FINANCIAL MARKETS

Stocks mixed

NEW YORK (AP) — Stock indexes are mixed in midday trading on Wall Street, with the Dow Jones industrials and the S&P 500 rising and the Nasdaq composite lower.

Health care companies and consumer goods makers are posting some of the biggest gains. Pfizer rose 1.9 percent and Pepsi climbed 1.2 percent. Video game publisher Take-Two Interactive surged 11.9 percent after raising its forecasts.

Symantec dropped 12.2 percent on weak contract billings. The security software company also cut its profit forecast.

Bond prices rose. The yield on the 10-year Treasury note fell to 2.96 percent.

ECONOMY-JOBS REPORT

US employers add 157,000 jobs, jobless rate hits 3.9 pct.

WASHINGTON (AP) — U.S. employers slowed their hiring in July, adding 157,000 jobs, a solid gain but below the healthy pace they maintained in the first half of this year.

The Labor Department says the unemployment rate ticked down to 3.9 percent from 4 percent. That's near an 18-year low of 3.8 percent reached in May.

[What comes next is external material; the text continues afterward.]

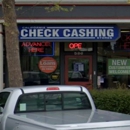 California Check Cashing Stores - Money Order Service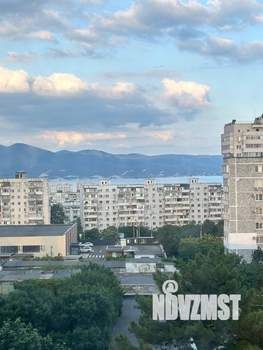 Студия квартира, посуточно, 20м2, 5/5 этаж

Employers added an average of 224,000 new workers in the first six months of this year, a faster pace than in 2017. The pickup has impressed many economists because it's happening late in the economic expansion, which has entered its 10th year and is now the second-longest in U.S. history.

The economy grew in the April-June quarter at its fastest pace in four years. Business and consumers are optimistic, suggesting solid hiring is likely to continue.

ECONOMY-SERVICES

US services firms saw growth slowdown in July

WASHINGTON (AP) — U.S. services companies grew at a slower pace in July as business activity and new orders slipped.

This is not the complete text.